# GOAL OF THE EXERCISE
In the listing below, find the line with "Aisi Hair Wholesale" and copy every line from there up to and including the line with "Quilted Tote Bag", exactly and without pictures.

# THE DATA
+-------+
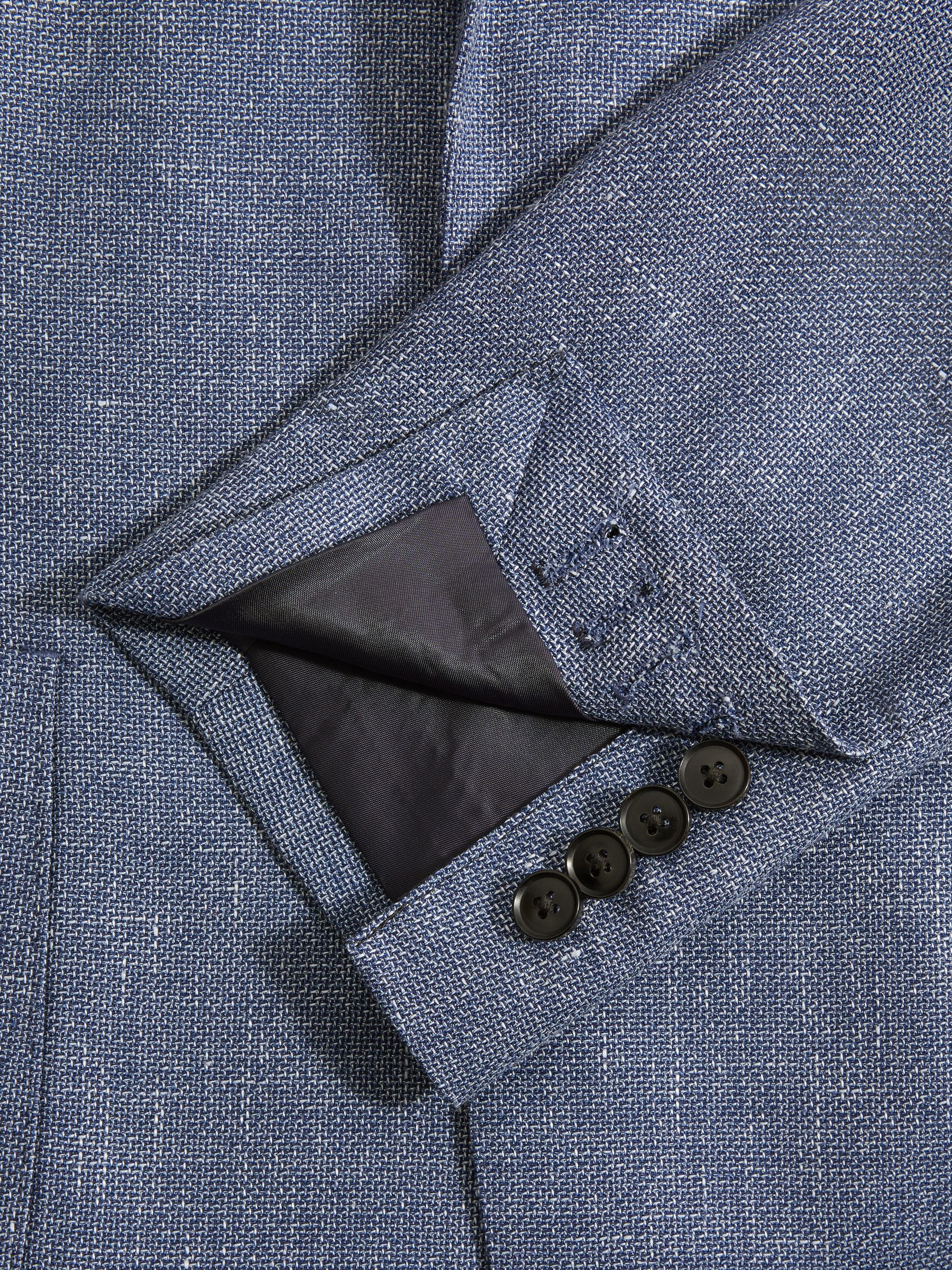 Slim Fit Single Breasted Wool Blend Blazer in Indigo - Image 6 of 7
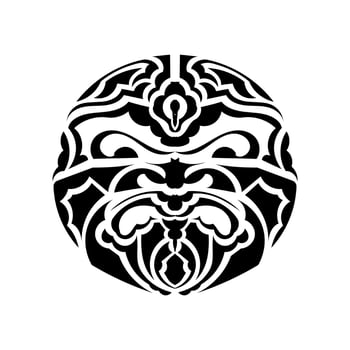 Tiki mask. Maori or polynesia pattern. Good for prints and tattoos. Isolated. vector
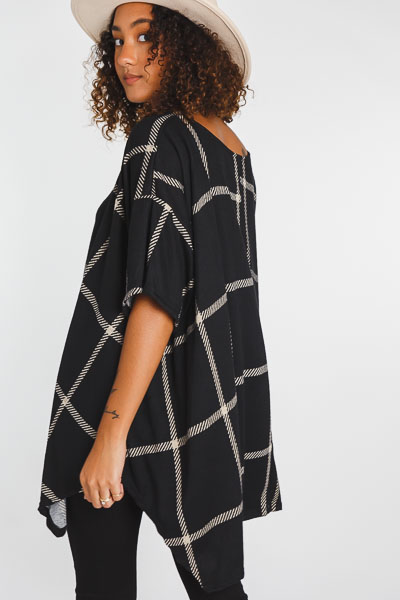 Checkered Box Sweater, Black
+-------+
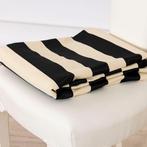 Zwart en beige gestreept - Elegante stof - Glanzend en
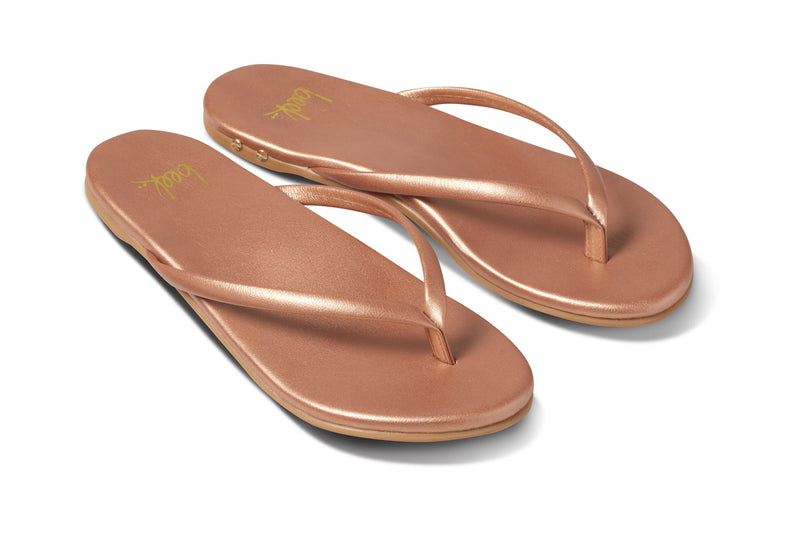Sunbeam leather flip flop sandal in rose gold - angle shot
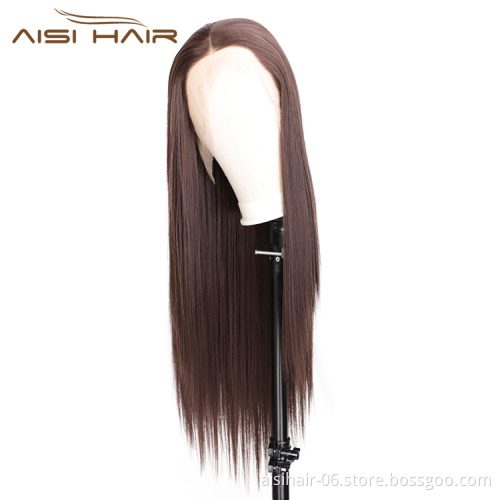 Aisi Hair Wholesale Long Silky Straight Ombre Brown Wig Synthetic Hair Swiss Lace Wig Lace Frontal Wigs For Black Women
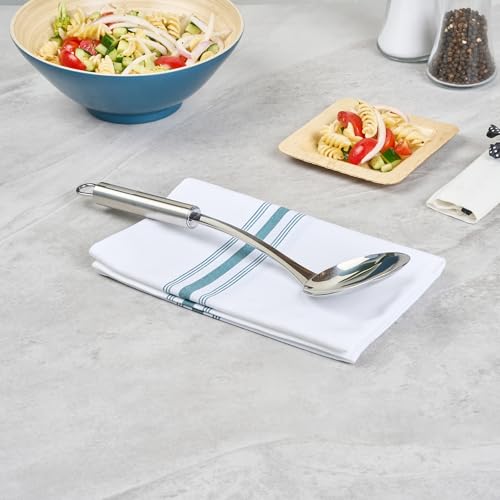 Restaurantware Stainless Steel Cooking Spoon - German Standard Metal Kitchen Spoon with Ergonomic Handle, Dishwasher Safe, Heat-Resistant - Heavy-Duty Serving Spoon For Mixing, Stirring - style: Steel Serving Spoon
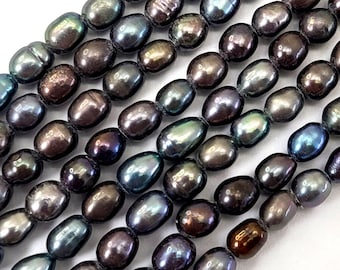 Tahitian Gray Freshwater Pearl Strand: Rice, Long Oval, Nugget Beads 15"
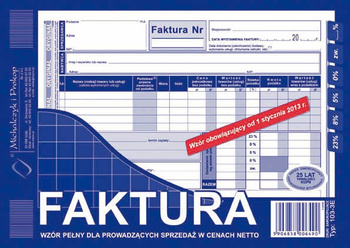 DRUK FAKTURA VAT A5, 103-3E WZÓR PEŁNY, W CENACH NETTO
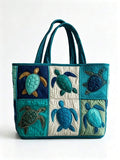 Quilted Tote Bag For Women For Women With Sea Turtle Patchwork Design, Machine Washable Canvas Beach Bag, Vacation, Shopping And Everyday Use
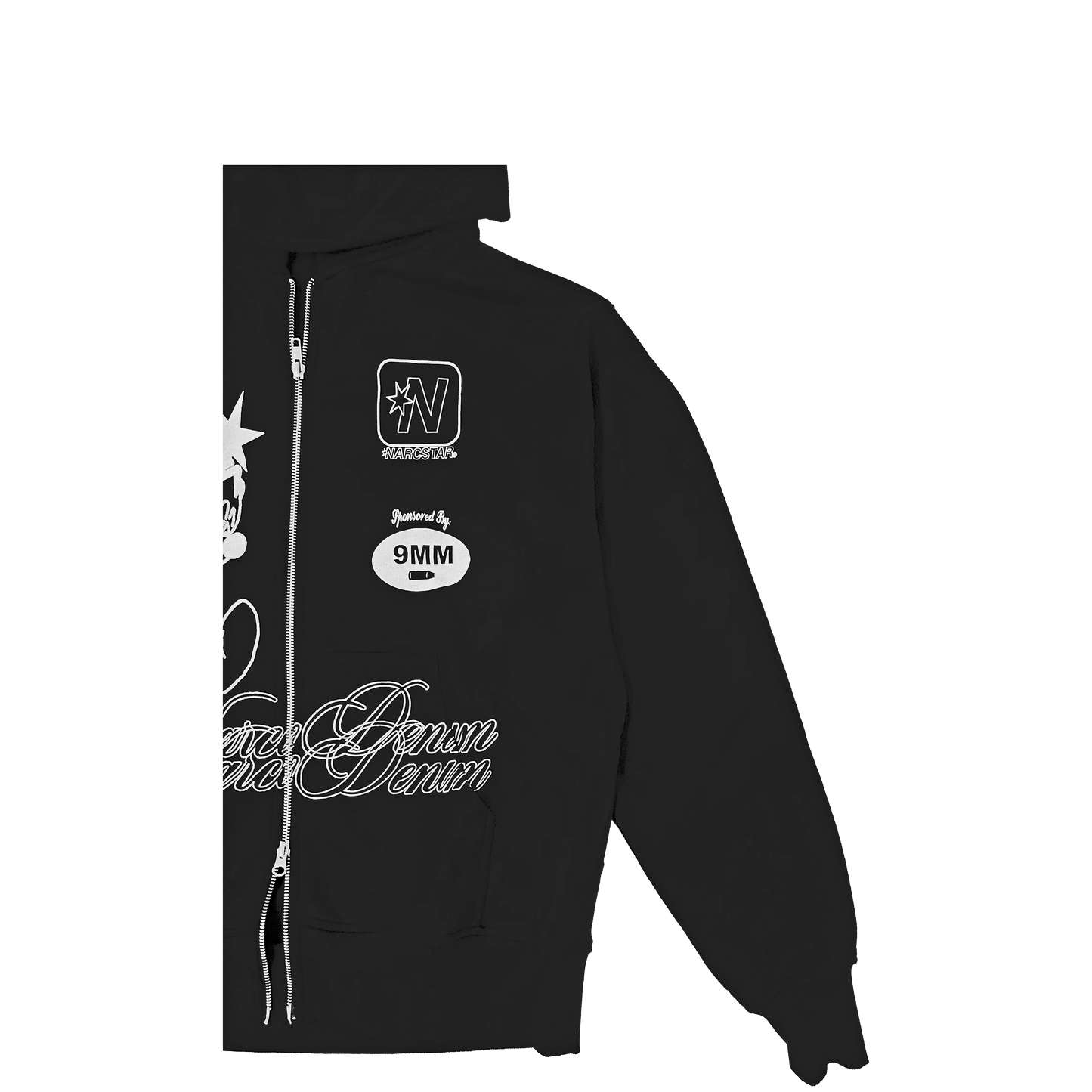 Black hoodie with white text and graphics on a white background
+-------+
# SOLUTION
 Aisi Hair Wholesale Long Silky Straight Ombre Brown Wig Synthetic Hair Swiss Lace Wig Lace Frontal Wigs For Black Women
 Restaurantware Stainless Steel Cooking Spoon - German Standard Metal Kitchen Spoon with Ergonomic Handle, Dishwasher Safe, Heat-Resistant - Heavy-Duty Serving Spoon For Mixing, Stirring - style: Steel Serving Spoon
 Tahitian Gray Freshwater Pearl Strand: Rice, Long Oval, Nugget Beads 15"
 DRUK FAKTURA VAT A5, 103-3E WZÓR PEŁNY, W CENACH NETTO
 Quilted Tote Bag For Women For Women With Sea Turtle Patchwork Design, Machine Washable Canvas Beach Bag, Vacation, Shopping And Everyday Use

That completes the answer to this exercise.